Il Monte Meta, cima più alta del Molise, dà apertura all’idea, ardita  per logistica, performance ed età, di raggiungere le cime più alte delle Regioni Italiane, fatta esclusione, chiaramente, di quelle dell’arco alpino.

Fine luglio, il percorso odierno, sentiero segnato L1,  non è stato ancora limitato al “traffico escursionista” dal Parco Nazionale d’Abruzzo, del Molise e del Lazio. A partire dai primi di agosto, la tutela del camoscio da una eccessiva pressione antropica ne inibirà il transito libero. 

Figlia di tre genitori biologici, la cima del Meta ha nucleotidi di Abruzzo, Lazio e Molise. Raggiungibile da Alfedena (AQ), Picinisco  (FR) e Pizzone (IS).

Quartetto poli-strumentale in scena. Appuntamento alla periferia commerciale di Castel di Sangro. I componenti della band suonano chi la chitarra di accompagnamento, chi il sax solista, chi le percussioni, nel senso di scandire il ritmo, chi come me che è sempre in debito di ossigeno le maracas, leggere e surrogabili dai bastoncini in fibra di carbonio.

Piano Campitelli, oltre quota mille quattrocento metri, con il sole dell’alba che dà luce alle mandrie mattiniere già al pascolo madido di rugiada e ai Monti della Meta, già fulgidi. E’ fresco e il sentiero inizialmente largo e in saliscendi conduce in semioscurità nella faggeta, contrasto con il sole nascente e la luna ancora visibile al suo tramonto ad ovest. Chitarra e percussioni intonano una cadenza estranea alle mie maracas, deviando in una corsia laterale al di fuori del pentagramma bianco e rosso. Il sax è con me, nel rispetto rigido del protocollo dettato dai segni del sentiero.

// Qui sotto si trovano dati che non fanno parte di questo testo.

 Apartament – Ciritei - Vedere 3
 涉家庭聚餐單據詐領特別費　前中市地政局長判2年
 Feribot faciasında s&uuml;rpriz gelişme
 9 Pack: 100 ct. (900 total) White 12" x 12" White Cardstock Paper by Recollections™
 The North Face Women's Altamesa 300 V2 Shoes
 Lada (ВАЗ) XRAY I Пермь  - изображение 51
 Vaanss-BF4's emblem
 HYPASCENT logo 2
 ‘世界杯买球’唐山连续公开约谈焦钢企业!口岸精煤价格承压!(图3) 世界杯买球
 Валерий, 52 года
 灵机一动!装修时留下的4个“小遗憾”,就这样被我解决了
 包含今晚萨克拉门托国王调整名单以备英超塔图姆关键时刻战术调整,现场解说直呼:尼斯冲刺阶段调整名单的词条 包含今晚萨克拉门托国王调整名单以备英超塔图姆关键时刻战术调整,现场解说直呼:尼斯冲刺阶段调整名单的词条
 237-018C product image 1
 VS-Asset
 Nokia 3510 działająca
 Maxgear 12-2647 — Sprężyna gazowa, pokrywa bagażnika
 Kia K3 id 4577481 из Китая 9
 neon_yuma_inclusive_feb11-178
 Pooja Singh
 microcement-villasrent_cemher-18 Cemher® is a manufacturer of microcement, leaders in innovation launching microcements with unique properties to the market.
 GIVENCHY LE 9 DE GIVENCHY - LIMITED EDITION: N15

Quando la vernice bicolore stenta a farsi riconoscere e ad apparire alla nostra vista, ci si orienta con la luminosità proveniente dalla radura verde che delimita il bosco. In uscita, si riconquista il sentiero qui decisamente più visibile, e si ricompone momentaneamente il quartetto. Resti in pietra di una pastorizia ormai defunta, perimetro di improbabili stazzi,  fanno da preludio all’incantevole vista dell’anfiteatro dei Monti della Meta, il cui riverbero è qui quasi accecante. Adriano e Tonino riconquistano l’avanguardia e scompaiono nuovamente alla nostra vista.  Siamo nella Conca del Biscurri, dove troviamo  quel che resta, pietre squadrate alla base, del fortino, il Blockhaus, che la Guardia Nazionale edificò per combattere il brigantaggio, particolarmente attivo in questa zona di confine fra le tre Regioni, a metà dell’Ottocento. Proprio ai piedi dei Monti della Meta, fra Vallerotonda e Picinisco, fu tradito da un suo compagno  e ucciso Domenico Fuoco, capo dei briganti di San Pietro Infine. Il cui cadavere, insieme alle spoglie dei suoi due luogotenenti, furono esposti nudi e martoriati  al pubblico ludibrio nei diversi Comuni della Terra di Lavoro.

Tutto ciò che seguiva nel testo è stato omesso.